Pastel, tradição e as lembranças de Silvia
A viagem no túnel do tempo termina no tradicional Café Carioca, que neste ano completará 88 anos. No balcão, a professora Silvia Helena Soares, que come um pastel de carne, um de seus preferidos. Ela ouve falar que a reportagem é sobre um Centro de Santos que ficou na memória de muita gente e decide contribuir com as suas lembranças.
“As minhas memórias são de alegria com os meus amigos na adolescência. Moro em Guarujá e muitas vezes passei a tarde aqui no Centro. Sempre que posso retorno sozinha para lembrar dessa época. Não posso deixar de vir ao Carioca. Lugar familiar, sempre cheio e de muita alegria. Mas uma coisa que viveu esse tempo, como eu, não esquece, é do cachorro quente da Lojas Americanas. Lembro que comprava a salsicha para fazer igual em casa e nunca consegui.
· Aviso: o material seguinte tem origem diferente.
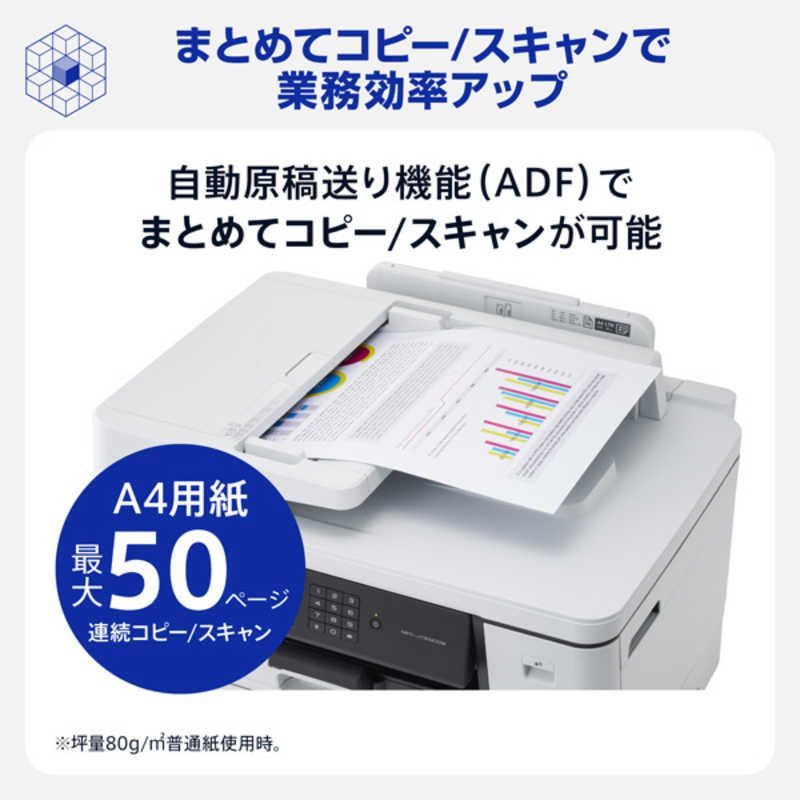 新品 未開封 】 ブラザー brother プリンター A3インクジェット複合機 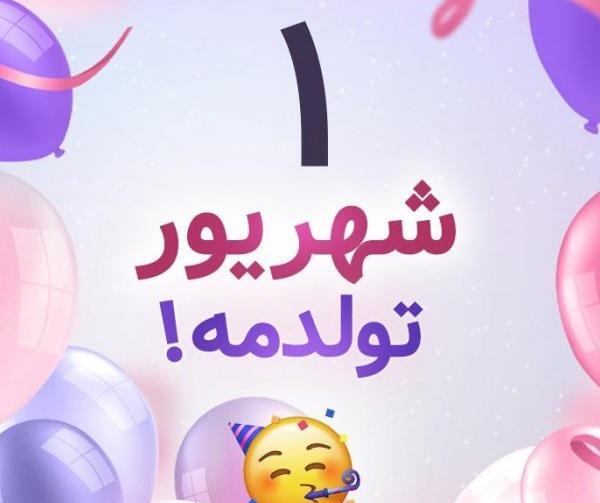 عکس تولدم مبارک یک سال گذشت
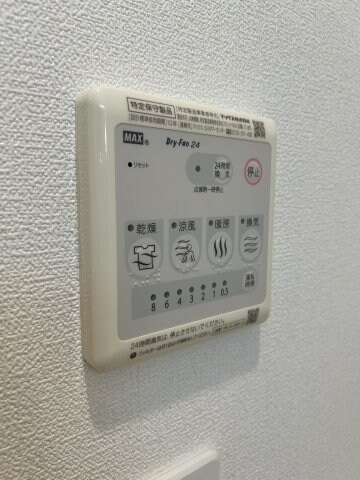 物件内観写真18　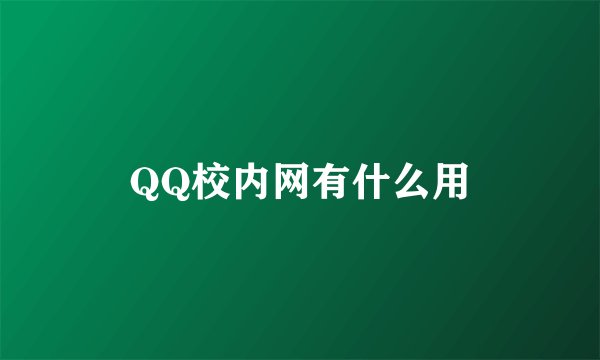QQ校内网有什么用
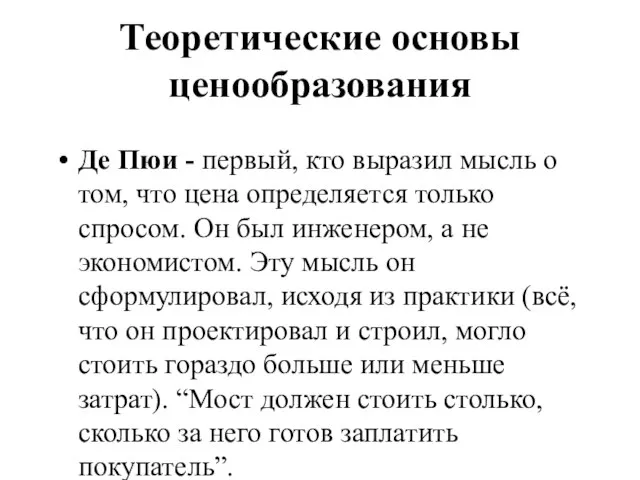 Теоретические основы ценообразования Де Пюи - первый, кто выразил мысль о том,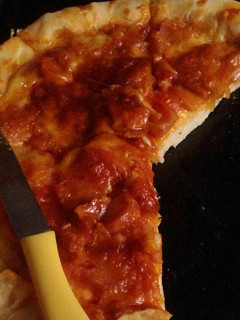 Foto resep Pizza Sosis Homemade 😘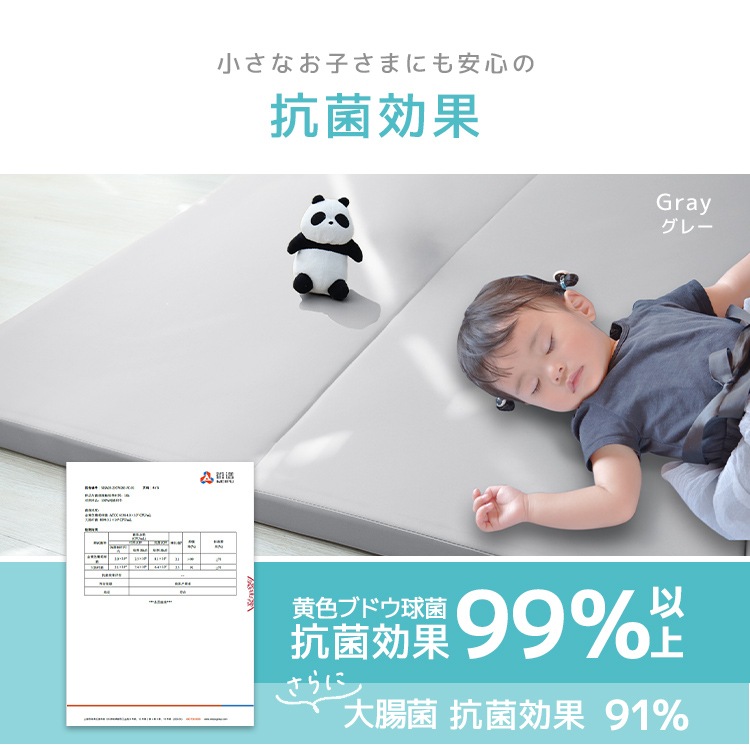プレイマット 折りたたみ 200cm 厚手 4cm おりたたみ 大きい プレイマット ベビー マット ジョイントマット お昼寝 防水 抗菌 厚手 騒音対策 大判 赤ちゃん ペット 洗える 韓国 プレイマット 折りたたみ 200cm 厚手 4cm おりたたみ 大きい プレイマット ベビー マット ジョイントマット お昼寝 防水 抗菌 厚手 騒音対策 大判 赤ちゃん ペット 洗える 韓国
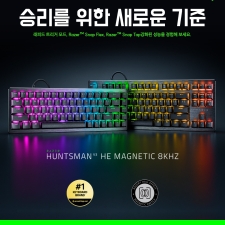 ������ Hall Effect ��� ������ 'Huntsman V3 HE Magnetic' �ø��� ���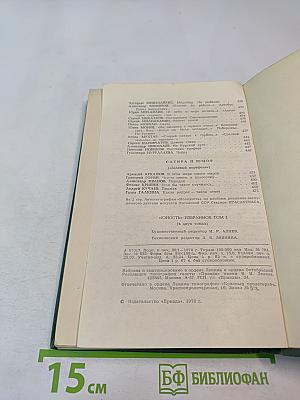 Юность избранное, Том 1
Acho que o segredo estava no pimentão que eles colocavam”, relembrou Silvia.
A guarujaense se emociona ao olhar para a sede dos Correios, que fica em frente ao Carioca. “Eu colecionava selos. Ia lá comprar os selos e depois parava aqui. É muita felicidade lembrar de um tempo tão bom”, disse em tom de quem quisesse parar a máquina do tempo e não mais voltar.
A professora se despede. Cumprimenta a Reportagem e um dos proprietários, o Soares, que, sorridente, a convida para voltar e nos convida a um café.